📄 cvfunction.h
字号:
// Copyright (C) 2003
// Gerhard Neumann (gerhard@igi.tu-graz.ac.at)
//
// This file is part of RL Toolbox.
// http://www.igi.tugraz.at/ril_toolbox
//
// All rights reserved.
//
// Redistribution and use in source and binary forms, with or without
// modification, are permitted provided that the following conditions
// are met:
// 1. Redistributions of source code must retain the above copyright
// notice, this list of conditions and the following disclaimer.
// 2. Redistributions in binary form must reproduce the above copyright
// notice, this list of conditions and the following disclaimer in the
// documentation and/or other materials provided with the distribution.
// 3. The name of the author may not be used to endorse or promote products
// derived from this software without specific prior written permission.
//
// THIS SOFTWARE IS PROVIDED BY THE AUTHOR ``AS IS'' AND ANY EXPRESS OR
// IMPLIED WARRANTIES, INCLUDING, BUT NOT LIMITED TO, THE IMPLIED WARRANTIES
// OF MERCHANTABILITY AND FITNESS FOR A PARTICULAR PURPOSE ARE DISCLAIMED.
// IN NO EVENT SHALL THE AUTHOR BE LIABLE FOR ANY DIRECT, INDIRECT,
// INCIDENTAL, SPECIAL, EXEMPLARY, OR CONSEQUENTIAL DAMAGES (INCLUDING, BUT
// NOT LIMITED TO, PROCUREMENT OF SUBSTITUTE GOODS OR SERVICES; LOSS OF USE,
// DATA, OR PROFITS; OR BUSINESS INTERRUPTION) HOWEVER CAUSED AND ON ANY
// THEORY OF LIABILITY, WHETHER IN CONTRACT, STRICT LIABILITY, OR TORT
// (INCLUDING NEGLIGENCE OR OTHERWISE) ARISING IN ANY WAY OUT OF THE USE OF
// THIS SOFTWARE, EVEN IF ADVISED OF THE POSSIBILITY OF SUCH DAMAGE.
#ifndef C_ABSTRACTVFUNCTION_H
#define C_ABSTRACTVFUNCTION_H
#include <stdio.h>
#include "cstate.h"
#include "cfeaturefunction.h"
#include "cvetraces.h"
#include "cstatemodifier.h"
#include "cstatecollection.h"
#include "cdiscretizer.h"
#include "clearndataobject.h"
#include "cgradientfunction.h"
#include "cmyexception.h"
#include "ril_debug.h"
class CAbstractVETraces;
class CFeatureQFunction;
class CStochasticPolicy;
#define DIVERGENTVFUNCTIONVALUE 1000000
#define CONTINUOUSVFUNCTION 1
#define GRADIENTVFUNCTION 2
/// Interface reprenting a Value Function
/**Value functions return for each state the total discount reward which they expect to get from that state following a specific policy.

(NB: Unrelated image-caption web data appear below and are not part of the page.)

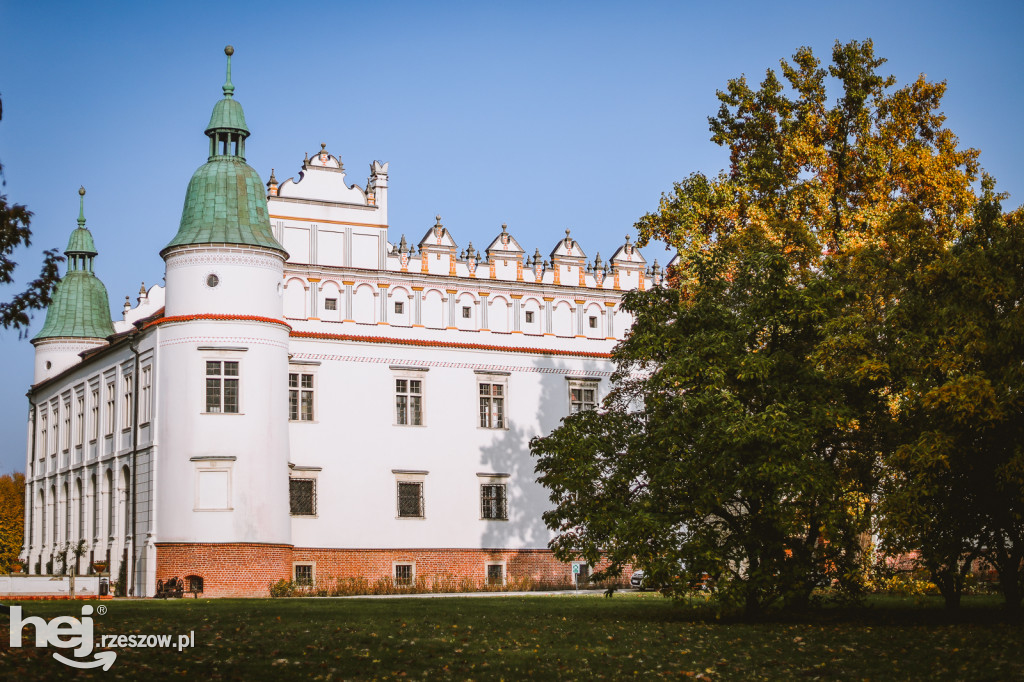 Jesień na Zamku w Baranowie Sandomierskim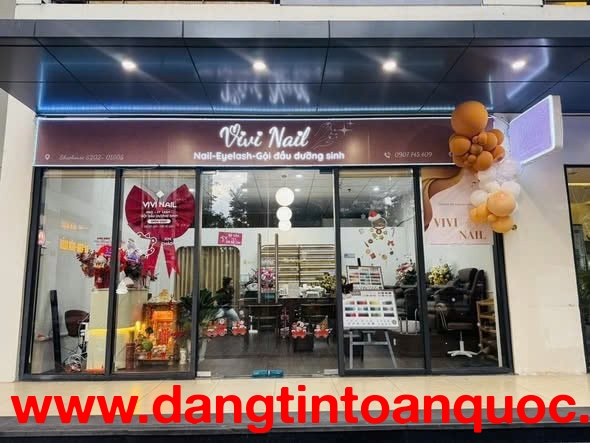 SANG GẤP TIỆM NAIL TẠI THE RAINBOW VINHOMES QUẬN 9 , LONG THẠNH MỸ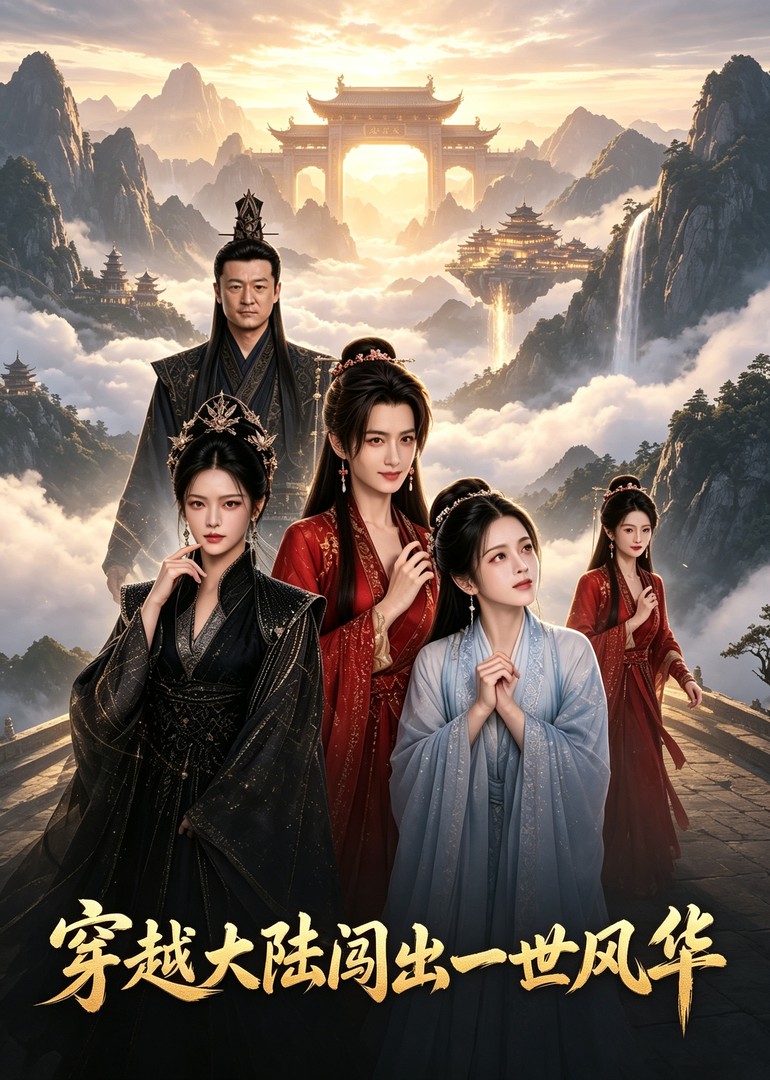 穿越大陆闯出一世风华封面图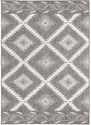 NORTHRUGS - Hanse Home koberce Kusový koberec Twin Supreme 103428 Malibu grey creme – na ven i na doma - 80x150 cm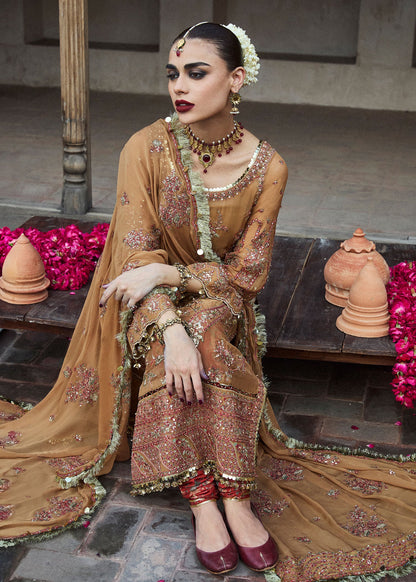 Hussain Rehar | Festive Formals 24 | Talai - Ladies Clothes - Maria Faisal
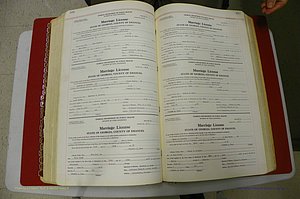 Emanuel Co, GA, Marriages Book L, 1952 - 1962, P 286-287.JPG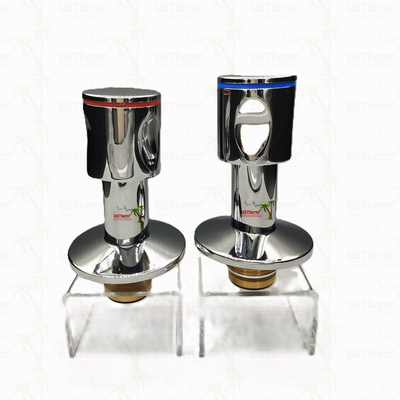 Ppr Stop Valve  Longer Handle Cutomized Handle Excellent Sealing Performance
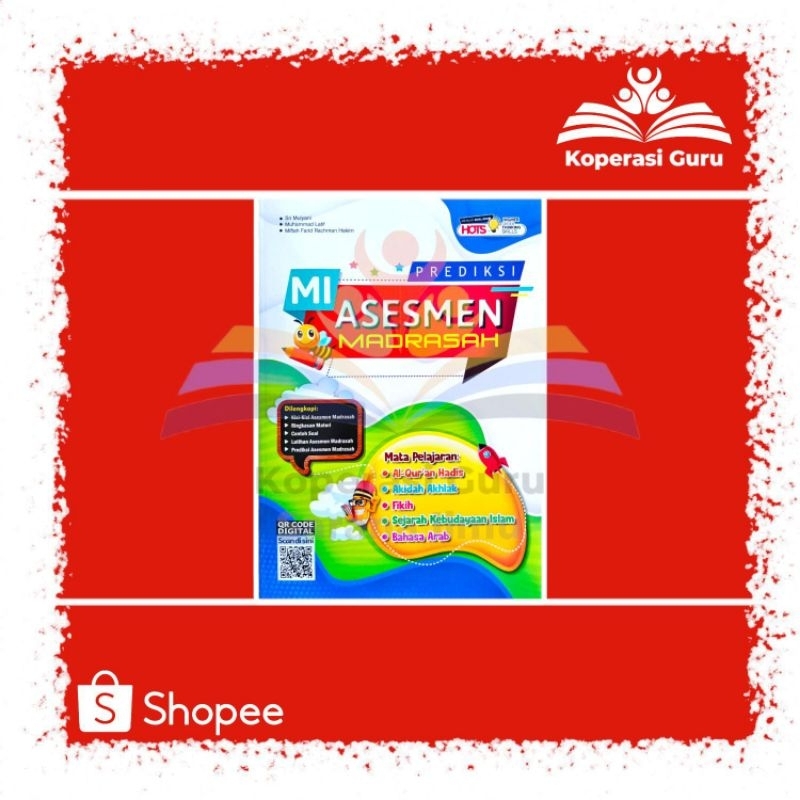 Prediksi Ujian Madrasah MI Putra Nugraha 2023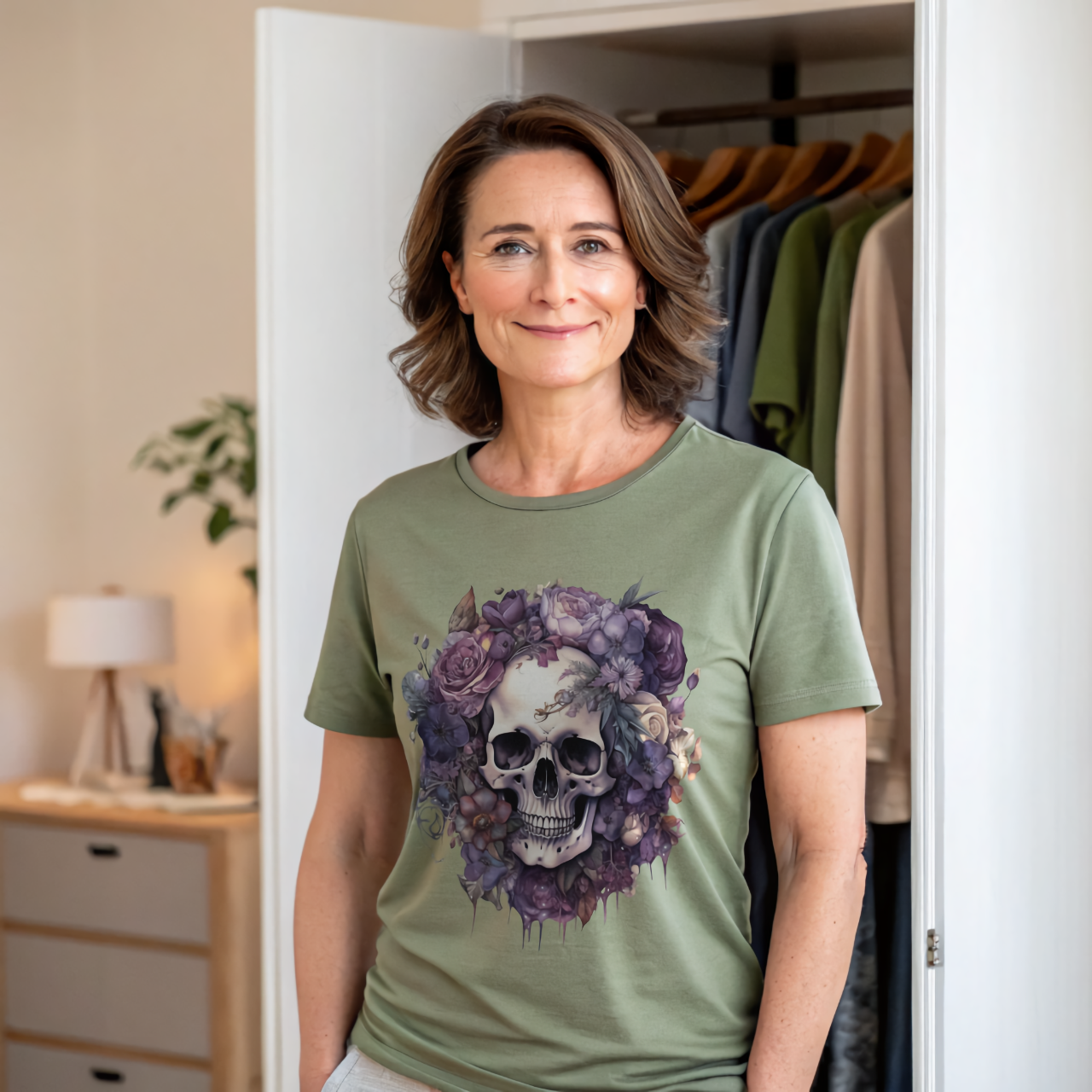 Frumoasa Moarte - Unisex Tee product thumbnail image Frumoasa Moarte - Unisex Tee product thumbnail image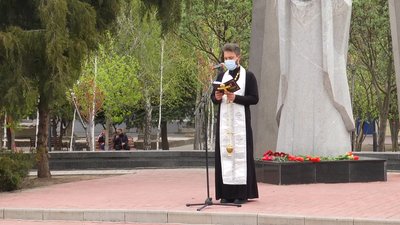 У Миколаєві вшанували пам'ять ліквідаторів аварії на ЧАЕС У Миколаєві вшанували пам'ять ліквідаторів аварії на ЧАЕС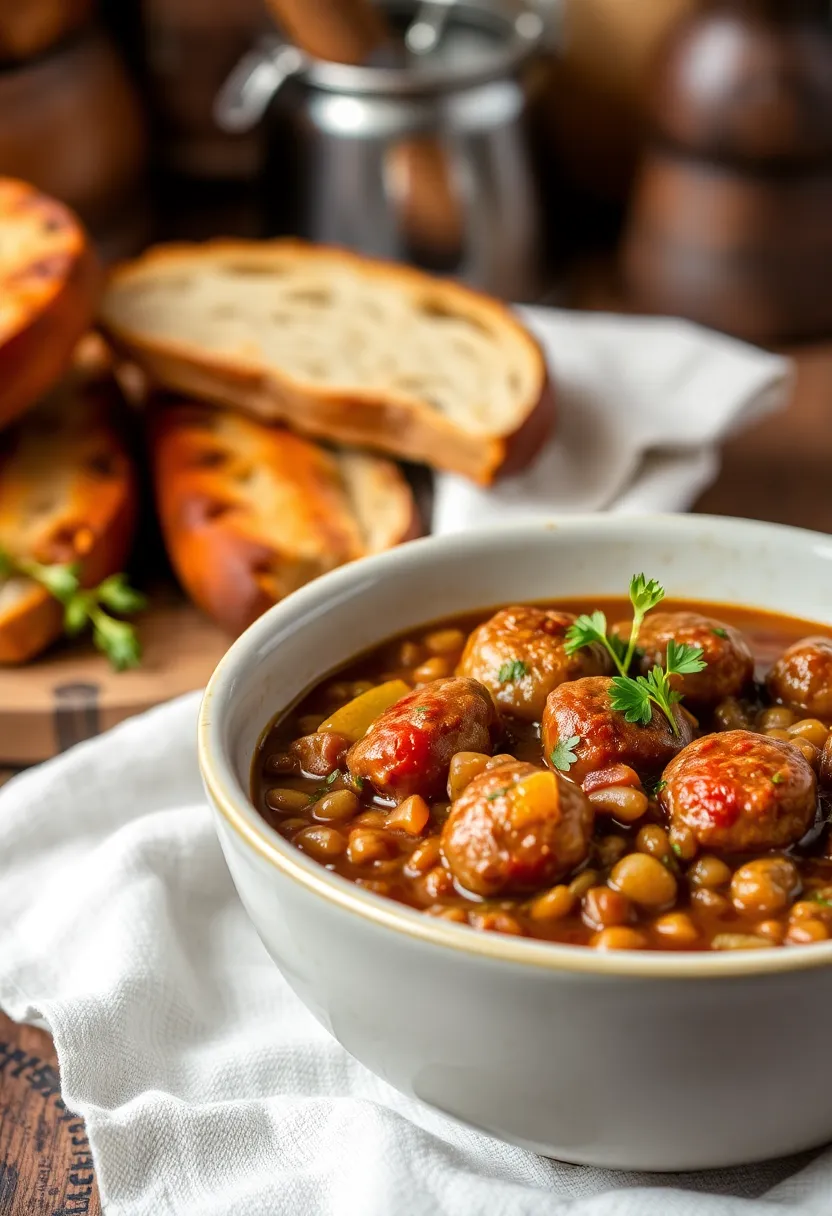 25 Italian Sausage Link Recipes for Every Occasion - 21. Italian Sausage and Lentil Stew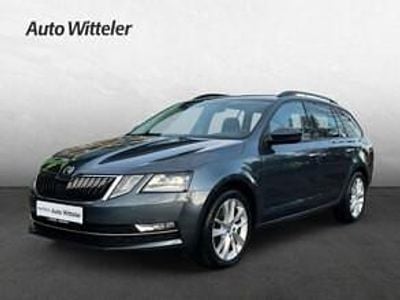 Velvet rot metallic Gebraucht 2019 Skoda Octavia Style Kombi | 20.990 € (Etwas zu teuer)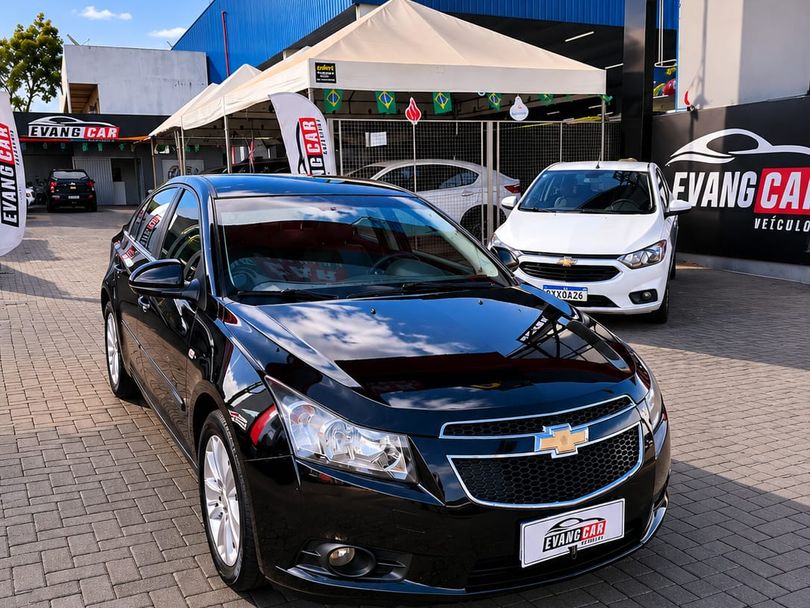 Chevrolet CRUZE LTZ 1.8 16V FlexPower 4p Aut.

Usually this is a Greedy Policy, greedy on the value function.
In the RIL toolbox the Q-Functions are composed of v-functions, one v-function for each action, so the Value Function is the essential part part of each learning algorithm.
The kind of the value function is for the most learning algorithm independent, so it does'nt matter what value functions you use for the Q-Function, the algorthm just works with the inteface of its v-function.
\par
The class CAbstractVFunction is the interface for all value functions. The interface provides a gamma-value for each value function, serving as discount factor.
The value functions have to implement functions for getting V-Values , setting V-Values and updating V-Values for an specific state. These three functions are:
<ul>
<li> getValue(CState *). The function returns the expected total discount reward for the given state. </li>
<li> setState(CState *, rlt_real value). This function is usually used for initialisation of th value function. It has to set the total discount reward of the state to the specified value as good as it is possible (for function approximators). </li>
<li> updateValue(CState *, rlt_real td) is the function usually used for learning. Adds the td value to the current value of the function. </li>
</ul>
All these function have an companion piece with state collections, which are used by the learning algorithm. So each value function maintains an own state properties object to retrieve the required state from the given state collection and call the demanded function with a state as parameter.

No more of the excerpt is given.